Captioned web images:
* * * * * * * * *
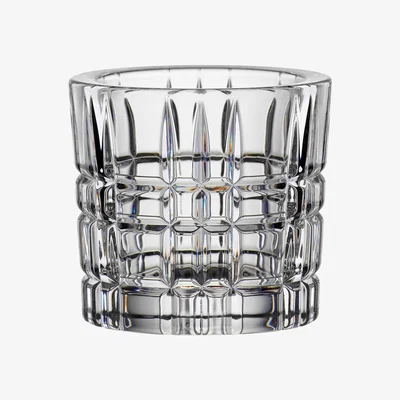 Nordic Nest Square lantern clear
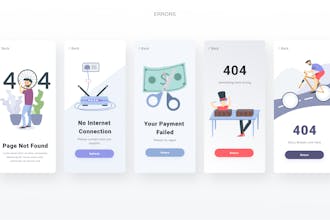 Huge Illustration Pack & Creator gallery image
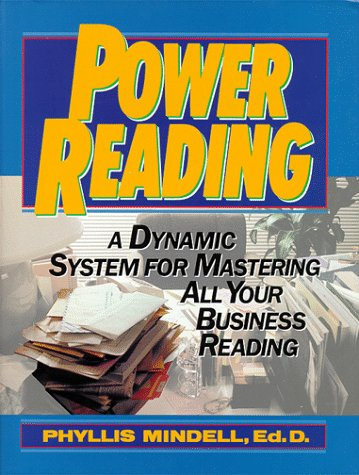 Cover for Power Reading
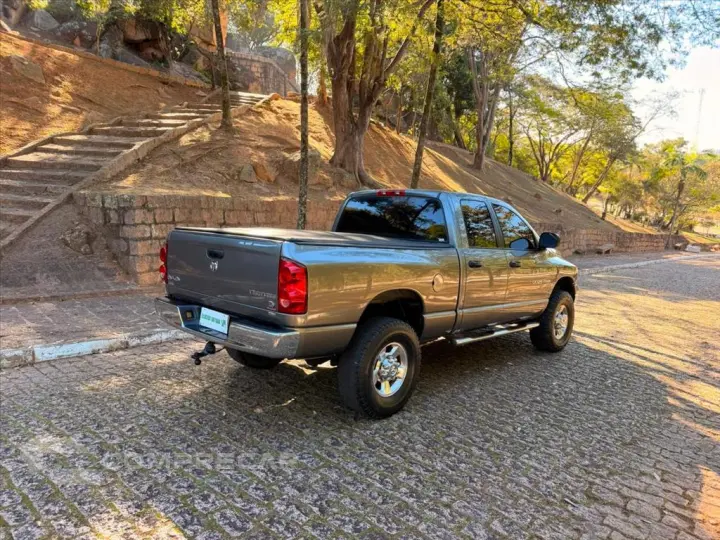RAM 5.9 2500 4X4 CD I6 TURBO INTERCOOLER DIESEL 4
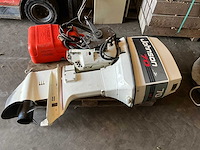 Johnson 70 pk buitenboordmotor - afbeelding 4 van  4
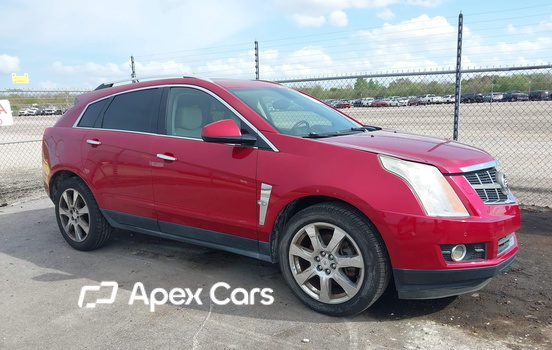 Cadillac SRX 2010 - Image 1 of 11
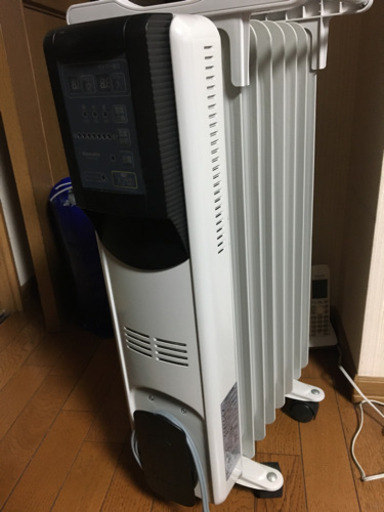 オイルヒーター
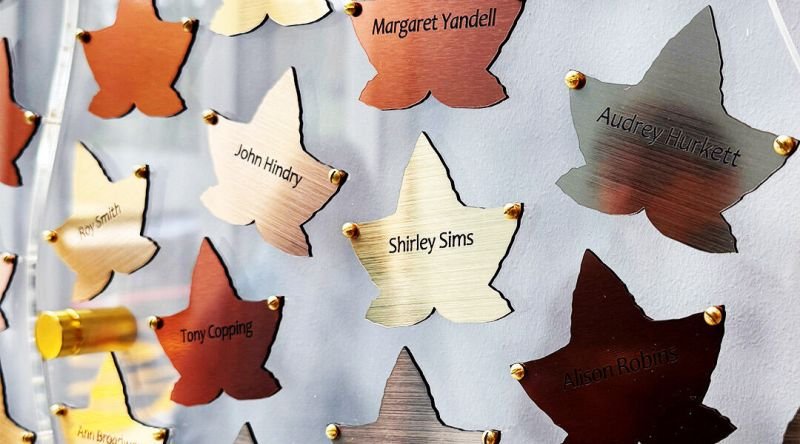 Memory Tree Leaves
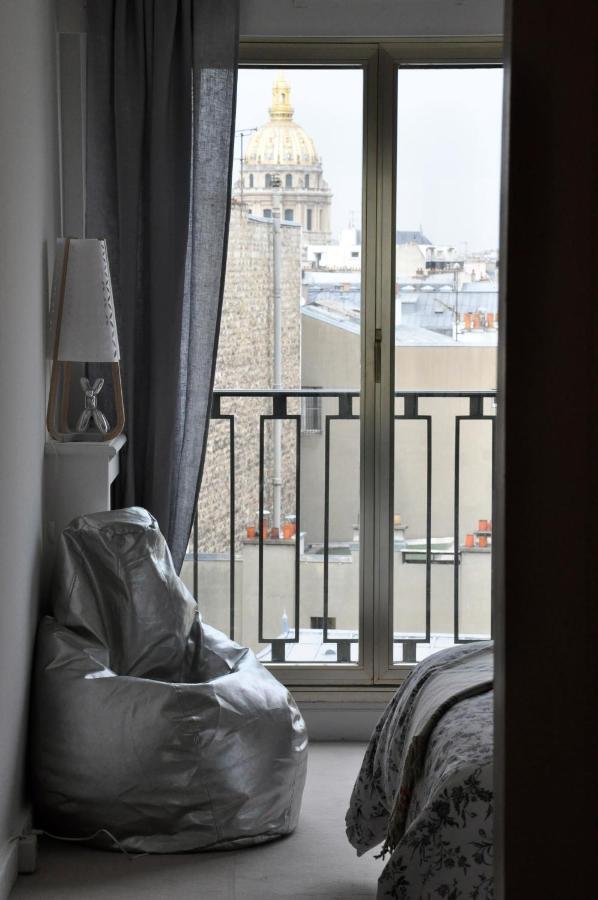 Top Location, Unique Brightness, Space And Comfort For An Unforgettable Apartment Paris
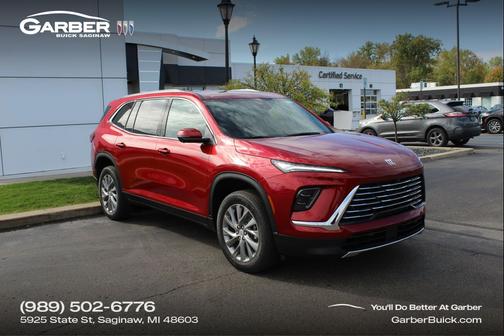 2026 Buick Enclave Preferred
* * * * * * * * *
Assignment: Could you transcribe exactly the lines from the line containing "Johnson 70 pk" through the final line of the records, both included, and nothing beyond them? The pictures should be left out.

Response area:
 Johnson 70 pk buitenboordmotor - afbeelding 4 van  4
 Cadillac SRX 2010 - Image 1 of 11
 オイルヒーター
 Memory Tree Leaves
 Top Location, Unique Brightness, Space And Comfort For An Unforgettable Apartment Paris
 2026 Buick Enclave Preferred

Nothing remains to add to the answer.